What are the causes of cutlass bearing wear and failure? J.A., via e-mail
Premature failure of a cutlass bearing can result from operating in unusually shallow water with a sandy bottom, a condition in which silt, rocks, and shells work their way into the bearing and rapidly abrade critical surfaces. Also inadequate cooling, perhaps caused by the wrapping of a foreign substance such as a weed, a plastic bag, or monofilament around the shaft, can restrict normal water flow. Other possibilities include a misaligned drive train as well as a bent and/or scored propeller shaft.

Cutlass-bearing wear is typically related to prop-shaft speed; the faster the shaft, the faster the wear. On boats with slow-turning propellers, cutlass-bearing life can range to four years and/or 1,000 hours. Regardless of the kind of boat you have, however, your cutlass bearing will eventually wear out, so regular inspection should be part of your maintenance regimen. If you’re constantly tightening the prop-shaft nut to reduce water flow, your bearing is probably at the end of its life. If you let a worn bearing go too long and the shaft has already been scored, you’re looking at perhaps replacing the shaft as well, a considerable added expense.

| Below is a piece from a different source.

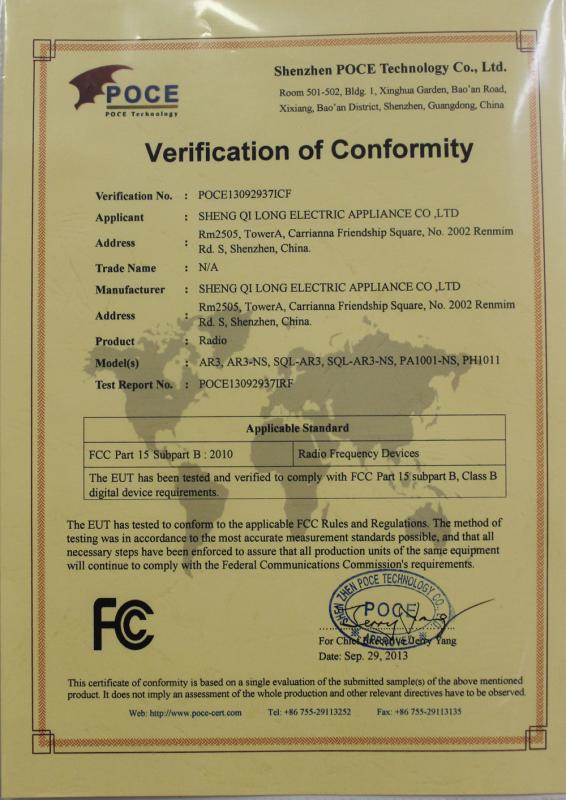 FCC Part 15 Subpart B2010 - Sheng Qi Long Electric Appliance Co., LTD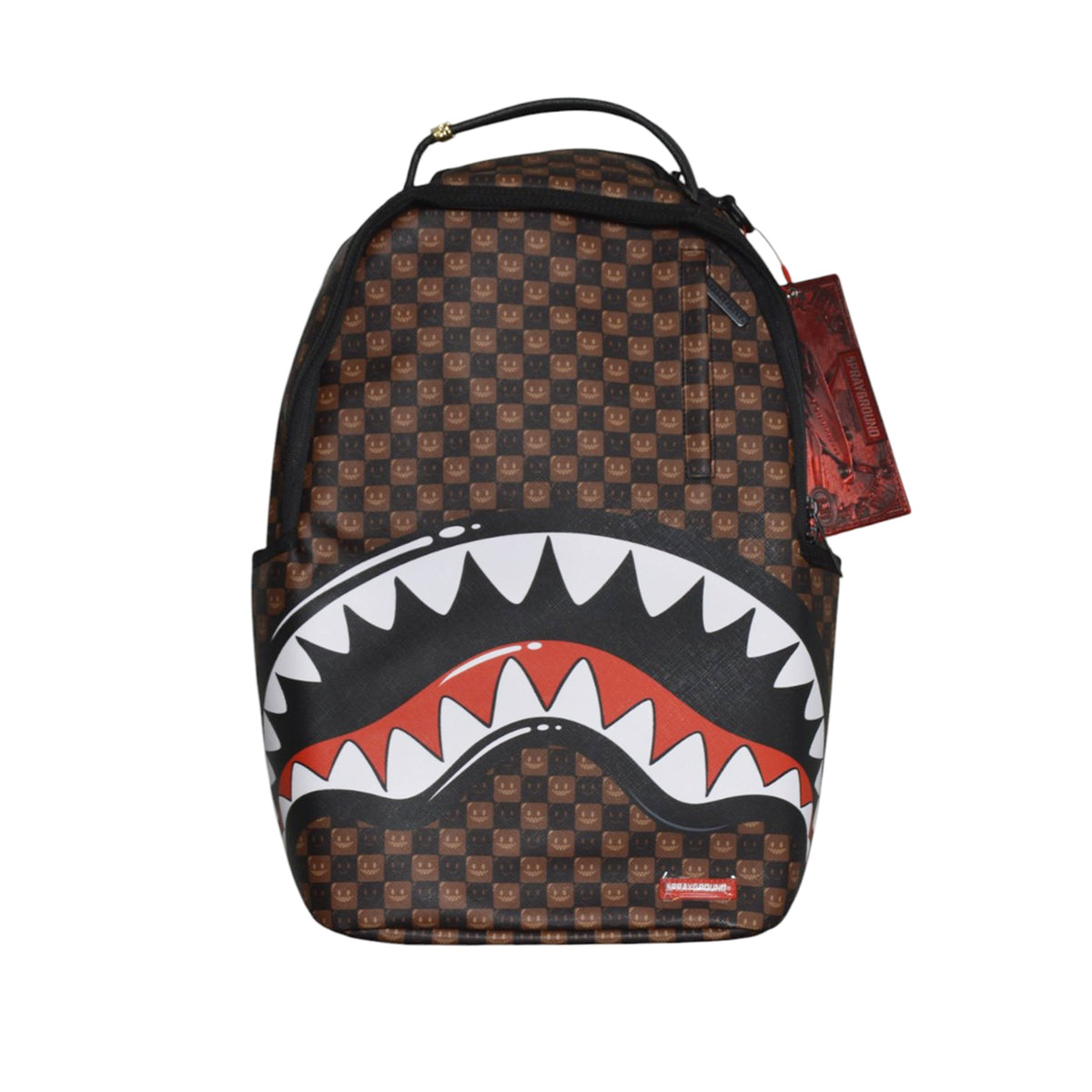 sharks in paris wtf bubble brown check backpack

My starter turns but will not start my gasoline-powered inboard. Before I call in a mechanic, is there anything I can do? R.V., via e-mail
Begin by checking the status of your starter battery. A partially discharged battery could have enough power to turn the starter but not enough voltage to fire the spark plugs. If this is the case, use a fully charged battery to get things going and charge the battery in question. If it doesn’t hold a charge, you need a new one.

Defective or corroded wiring may also be at fault. Make sure all battery-cable ends are free of corrosion, all connections are secure, and all insulation is intact. In addition, make sure the wir-ing is of the proper gauge to handle the load.

If after all this it’s still a no-go, you most likely have a bad starter motor that is drawing too many amps. Either remove the motor yourself and take it in to be bench-checked or let your mechanic handle the job.